Colorado College had the opportunity to engage in a town hall-style meeting with Ohio governor and former presidential candidate John Kasich on Nov. 12. Students from CC and U.S. Air Force Academy accompanied Kasich on the Kathryn Mohrman Theatre stage, poised to ask questions. Various topics were covered, including hyper-partisanship, immigration, the opioid crisis, and gun control. Kasich presented conservative-centrist opinions and ideas that differed from the liberal perspectives typically encountered on the CC campus.
Known for being “honest, authentic, and tough,” Kasich began the conversation by saying, “We can all agree that our leaders are not leading.” He urged the crowd to take a “bottom-up” approach to politics and to focus on making positive changes in one’s immediate environment. He also explained his belief that tackling an issue of personal importance is not partisan, as problems addressed by both sides of the political spectrum are worthy of consideration.
Moderators and the general audience asked Kasich questions and his answers provoked mixed reactions.
When asked about gun control laws, Kasich replied, “We should be enraged by the fact that this is not getting done,” which garnered applause from the crowd.
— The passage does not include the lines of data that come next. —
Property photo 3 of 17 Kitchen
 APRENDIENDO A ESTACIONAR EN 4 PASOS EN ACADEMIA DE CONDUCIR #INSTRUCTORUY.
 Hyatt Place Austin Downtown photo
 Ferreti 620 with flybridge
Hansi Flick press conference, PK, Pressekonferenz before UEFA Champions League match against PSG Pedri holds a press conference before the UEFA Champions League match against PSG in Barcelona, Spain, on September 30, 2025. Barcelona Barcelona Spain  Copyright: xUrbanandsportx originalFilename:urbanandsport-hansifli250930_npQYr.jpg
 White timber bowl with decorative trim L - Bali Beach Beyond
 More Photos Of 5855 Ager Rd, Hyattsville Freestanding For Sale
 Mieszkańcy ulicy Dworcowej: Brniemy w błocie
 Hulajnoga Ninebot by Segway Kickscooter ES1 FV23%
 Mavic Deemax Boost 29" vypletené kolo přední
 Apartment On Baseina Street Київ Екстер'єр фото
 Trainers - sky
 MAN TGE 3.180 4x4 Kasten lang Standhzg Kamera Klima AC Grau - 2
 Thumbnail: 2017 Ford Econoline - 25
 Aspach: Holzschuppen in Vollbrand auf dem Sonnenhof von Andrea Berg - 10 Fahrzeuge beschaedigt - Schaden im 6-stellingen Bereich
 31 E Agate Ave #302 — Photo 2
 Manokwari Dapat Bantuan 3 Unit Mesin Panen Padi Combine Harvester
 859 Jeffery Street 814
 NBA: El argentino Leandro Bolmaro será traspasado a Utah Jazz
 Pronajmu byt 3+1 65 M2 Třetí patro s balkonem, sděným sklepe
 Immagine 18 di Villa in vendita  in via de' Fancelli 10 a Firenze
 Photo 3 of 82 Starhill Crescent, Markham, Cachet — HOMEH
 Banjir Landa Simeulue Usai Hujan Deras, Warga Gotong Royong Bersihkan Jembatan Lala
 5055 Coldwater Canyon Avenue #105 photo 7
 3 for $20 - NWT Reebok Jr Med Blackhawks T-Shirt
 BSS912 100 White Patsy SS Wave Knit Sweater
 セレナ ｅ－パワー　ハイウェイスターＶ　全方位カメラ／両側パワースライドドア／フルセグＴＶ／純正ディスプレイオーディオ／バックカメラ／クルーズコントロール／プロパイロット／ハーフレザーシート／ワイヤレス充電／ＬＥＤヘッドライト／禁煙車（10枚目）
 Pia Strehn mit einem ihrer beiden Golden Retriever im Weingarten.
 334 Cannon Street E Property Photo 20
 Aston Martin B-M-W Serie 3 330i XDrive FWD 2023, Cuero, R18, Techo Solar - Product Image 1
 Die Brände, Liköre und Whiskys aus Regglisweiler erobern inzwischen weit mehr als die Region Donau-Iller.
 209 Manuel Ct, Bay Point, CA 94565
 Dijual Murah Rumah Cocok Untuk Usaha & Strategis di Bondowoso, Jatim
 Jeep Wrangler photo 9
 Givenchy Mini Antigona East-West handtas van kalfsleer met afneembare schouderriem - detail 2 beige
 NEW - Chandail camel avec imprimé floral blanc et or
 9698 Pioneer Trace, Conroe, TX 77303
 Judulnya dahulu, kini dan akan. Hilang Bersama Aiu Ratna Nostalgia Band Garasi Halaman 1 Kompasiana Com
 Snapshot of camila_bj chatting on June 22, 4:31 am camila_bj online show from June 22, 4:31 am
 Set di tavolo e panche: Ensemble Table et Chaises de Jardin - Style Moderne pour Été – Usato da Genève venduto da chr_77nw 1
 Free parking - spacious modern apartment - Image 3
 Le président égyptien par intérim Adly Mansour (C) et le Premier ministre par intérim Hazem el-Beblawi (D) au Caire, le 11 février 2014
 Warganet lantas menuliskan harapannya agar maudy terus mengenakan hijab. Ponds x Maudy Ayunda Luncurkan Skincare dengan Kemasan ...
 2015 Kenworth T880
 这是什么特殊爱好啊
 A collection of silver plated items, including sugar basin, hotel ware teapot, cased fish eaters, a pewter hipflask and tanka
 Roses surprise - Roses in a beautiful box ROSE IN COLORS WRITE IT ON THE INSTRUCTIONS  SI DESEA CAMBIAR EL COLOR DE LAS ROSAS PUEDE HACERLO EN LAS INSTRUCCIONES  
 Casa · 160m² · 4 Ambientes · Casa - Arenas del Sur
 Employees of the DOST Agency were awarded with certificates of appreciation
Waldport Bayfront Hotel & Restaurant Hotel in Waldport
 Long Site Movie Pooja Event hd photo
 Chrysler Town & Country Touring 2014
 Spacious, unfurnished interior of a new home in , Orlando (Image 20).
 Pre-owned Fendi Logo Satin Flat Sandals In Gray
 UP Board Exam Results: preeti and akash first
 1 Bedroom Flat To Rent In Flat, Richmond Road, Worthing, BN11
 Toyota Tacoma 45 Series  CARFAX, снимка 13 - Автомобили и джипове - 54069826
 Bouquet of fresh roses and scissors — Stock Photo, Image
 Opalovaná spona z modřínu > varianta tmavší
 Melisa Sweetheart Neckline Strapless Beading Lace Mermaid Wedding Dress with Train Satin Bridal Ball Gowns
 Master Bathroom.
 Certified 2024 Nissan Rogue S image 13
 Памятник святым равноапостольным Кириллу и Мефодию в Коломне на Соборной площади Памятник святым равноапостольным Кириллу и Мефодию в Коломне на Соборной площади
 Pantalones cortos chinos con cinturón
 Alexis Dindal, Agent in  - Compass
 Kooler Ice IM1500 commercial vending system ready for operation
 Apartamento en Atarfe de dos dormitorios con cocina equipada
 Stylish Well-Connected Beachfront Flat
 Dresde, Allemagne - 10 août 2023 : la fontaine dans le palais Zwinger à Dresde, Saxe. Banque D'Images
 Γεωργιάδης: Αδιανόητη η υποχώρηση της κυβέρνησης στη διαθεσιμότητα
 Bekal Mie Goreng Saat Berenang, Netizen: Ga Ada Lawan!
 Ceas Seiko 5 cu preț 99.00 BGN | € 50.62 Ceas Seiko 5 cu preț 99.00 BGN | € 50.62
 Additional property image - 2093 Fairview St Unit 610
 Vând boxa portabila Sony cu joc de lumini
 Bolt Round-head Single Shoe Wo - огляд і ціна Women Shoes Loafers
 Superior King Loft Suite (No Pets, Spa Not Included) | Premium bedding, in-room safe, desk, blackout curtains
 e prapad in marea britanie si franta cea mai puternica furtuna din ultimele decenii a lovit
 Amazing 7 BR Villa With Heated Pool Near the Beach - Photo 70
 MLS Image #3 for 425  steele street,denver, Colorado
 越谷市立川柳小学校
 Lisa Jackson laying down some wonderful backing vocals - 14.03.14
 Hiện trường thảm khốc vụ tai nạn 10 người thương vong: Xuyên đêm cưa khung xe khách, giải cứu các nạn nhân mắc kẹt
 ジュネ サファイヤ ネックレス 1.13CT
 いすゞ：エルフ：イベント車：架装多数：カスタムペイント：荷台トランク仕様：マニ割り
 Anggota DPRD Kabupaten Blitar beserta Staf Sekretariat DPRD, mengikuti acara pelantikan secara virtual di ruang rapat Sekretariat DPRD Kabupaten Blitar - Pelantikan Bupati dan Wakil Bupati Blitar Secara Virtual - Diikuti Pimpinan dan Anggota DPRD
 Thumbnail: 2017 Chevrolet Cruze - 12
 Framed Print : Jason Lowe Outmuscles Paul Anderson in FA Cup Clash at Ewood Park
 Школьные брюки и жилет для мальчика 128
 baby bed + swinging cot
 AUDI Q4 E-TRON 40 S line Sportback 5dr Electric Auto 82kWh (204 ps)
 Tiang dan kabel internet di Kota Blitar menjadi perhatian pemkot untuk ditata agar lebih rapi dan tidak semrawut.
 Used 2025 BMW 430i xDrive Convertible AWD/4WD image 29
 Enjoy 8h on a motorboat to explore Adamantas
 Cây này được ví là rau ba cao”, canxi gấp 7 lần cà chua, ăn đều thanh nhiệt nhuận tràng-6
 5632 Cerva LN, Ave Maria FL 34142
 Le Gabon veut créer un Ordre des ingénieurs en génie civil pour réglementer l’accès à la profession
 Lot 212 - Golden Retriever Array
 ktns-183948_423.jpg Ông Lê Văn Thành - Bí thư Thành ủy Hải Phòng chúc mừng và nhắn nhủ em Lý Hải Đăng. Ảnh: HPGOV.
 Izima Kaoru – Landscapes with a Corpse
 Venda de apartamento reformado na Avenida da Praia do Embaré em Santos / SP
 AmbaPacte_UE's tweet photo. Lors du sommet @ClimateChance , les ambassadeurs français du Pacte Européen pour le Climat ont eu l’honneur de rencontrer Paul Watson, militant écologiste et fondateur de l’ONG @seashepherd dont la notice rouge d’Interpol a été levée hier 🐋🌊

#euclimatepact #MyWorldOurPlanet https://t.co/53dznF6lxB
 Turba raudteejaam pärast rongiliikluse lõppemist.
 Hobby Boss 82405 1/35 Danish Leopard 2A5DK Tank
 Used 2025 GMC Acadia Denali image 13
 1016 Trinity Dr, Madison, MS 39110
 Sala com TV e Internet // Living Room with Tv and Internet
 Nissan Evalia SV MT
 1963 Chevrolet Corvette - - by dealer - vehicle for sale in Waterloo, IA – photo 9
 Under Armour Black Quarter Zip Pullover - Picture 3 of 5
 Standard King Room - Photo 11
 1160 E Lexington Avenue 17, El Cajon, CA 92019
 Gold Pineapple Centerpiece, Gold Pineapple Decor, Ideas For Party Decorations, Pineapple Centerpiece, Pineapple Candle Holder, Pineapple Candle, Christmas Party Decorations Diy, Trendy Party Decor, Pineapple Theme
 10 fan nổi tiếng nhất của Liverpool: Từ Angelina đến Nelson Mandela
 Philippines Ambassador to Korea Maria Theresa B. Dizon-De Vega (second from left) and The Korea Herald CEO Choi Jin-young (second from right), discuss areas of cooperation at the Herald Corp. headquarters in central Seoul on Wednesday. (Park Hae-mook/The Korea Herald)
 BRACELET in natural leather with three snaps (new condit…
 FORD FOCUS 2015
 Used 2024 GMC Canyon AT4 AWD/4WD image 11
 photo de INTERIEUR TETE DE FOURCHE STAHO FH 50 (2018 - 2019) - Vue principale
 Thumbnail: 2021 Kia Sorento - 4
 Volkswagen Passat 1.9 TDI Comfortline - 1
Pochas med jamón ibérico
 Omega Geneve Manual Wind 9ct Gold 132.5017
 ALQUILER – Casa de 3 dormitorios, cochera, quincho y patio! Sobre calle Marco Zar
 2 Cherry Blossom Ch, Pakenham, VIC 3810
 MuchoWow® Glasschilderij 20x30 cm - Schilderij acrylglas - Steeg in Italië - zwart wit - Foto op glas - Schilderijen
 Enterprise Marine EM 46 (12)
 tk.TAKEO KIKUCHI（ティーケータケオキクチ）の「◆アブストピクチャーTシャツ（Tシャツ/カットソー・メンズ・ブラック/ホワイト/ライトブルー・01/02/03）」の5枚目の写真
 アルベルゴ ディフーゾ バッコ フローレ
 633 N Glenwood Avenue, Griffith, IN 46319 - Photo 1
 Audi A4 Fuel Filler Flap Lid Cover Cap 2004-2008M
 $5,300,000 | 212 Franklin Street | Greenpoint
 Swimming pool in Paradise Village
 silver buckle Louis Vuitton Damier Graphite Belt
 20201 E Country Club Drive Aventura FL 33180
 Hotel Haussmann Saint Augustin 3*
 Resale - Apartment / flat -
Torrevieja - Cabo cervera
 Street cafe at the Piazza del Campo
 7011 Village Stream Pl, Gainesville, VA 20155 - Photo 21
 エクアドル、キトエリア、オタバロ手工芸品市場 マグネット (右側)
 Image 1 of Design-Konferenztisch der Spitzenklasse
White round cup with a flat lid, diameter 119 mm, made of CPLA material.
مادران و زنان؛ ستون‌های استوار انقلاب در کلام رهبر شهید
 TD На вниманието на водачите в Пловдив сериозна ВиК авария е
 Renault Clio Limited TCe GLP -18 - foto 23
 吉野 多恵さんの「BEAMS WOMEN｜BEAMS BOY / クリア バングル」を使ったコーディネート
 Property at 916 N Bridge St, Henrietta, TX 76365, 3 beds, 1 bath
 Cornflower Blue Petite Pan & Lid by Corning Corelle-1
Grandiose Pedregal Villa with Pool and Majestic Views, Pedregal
A wave of whispers traveled through the auditorium when, in response to a question about the opioid crisis, Kasich said, “Our message has to be to tell people to do fewer drugs.” Overall, while he stated that he would not leave the Republican Party, his centrist viewpoint and belief that both parties have failed suggested that the hyper-partisanship of our current government may not reflect the attitudes of politicians across America.
“The Town Hall was real experiential learning.” said Political Science Professor Elizabeth Coggins, mediator of the town hall. “This was especially true for those students who were able to read about Kasich, including some of his own writing, and think deeply and critically about important questions in today’s political world. For the entire community, I hope attendees feel they got a real life close up look at an important figure in American politics and were exposed to thinking that challenged them.”
One aspect of Kasich’s personality that was unanticipated by many was his lighthearted humor. When asked about his brief time as a presidential candidate he responded, “Well, I didn’t win, or I wouldn’t be here tonight.”
His overall message, however, was serious. Kasich asserts that, in order to experience peace, one must begin progress towards it within one’s own life. Even if a single person can’t change the entire world, by changing parts of it, they can make a difference.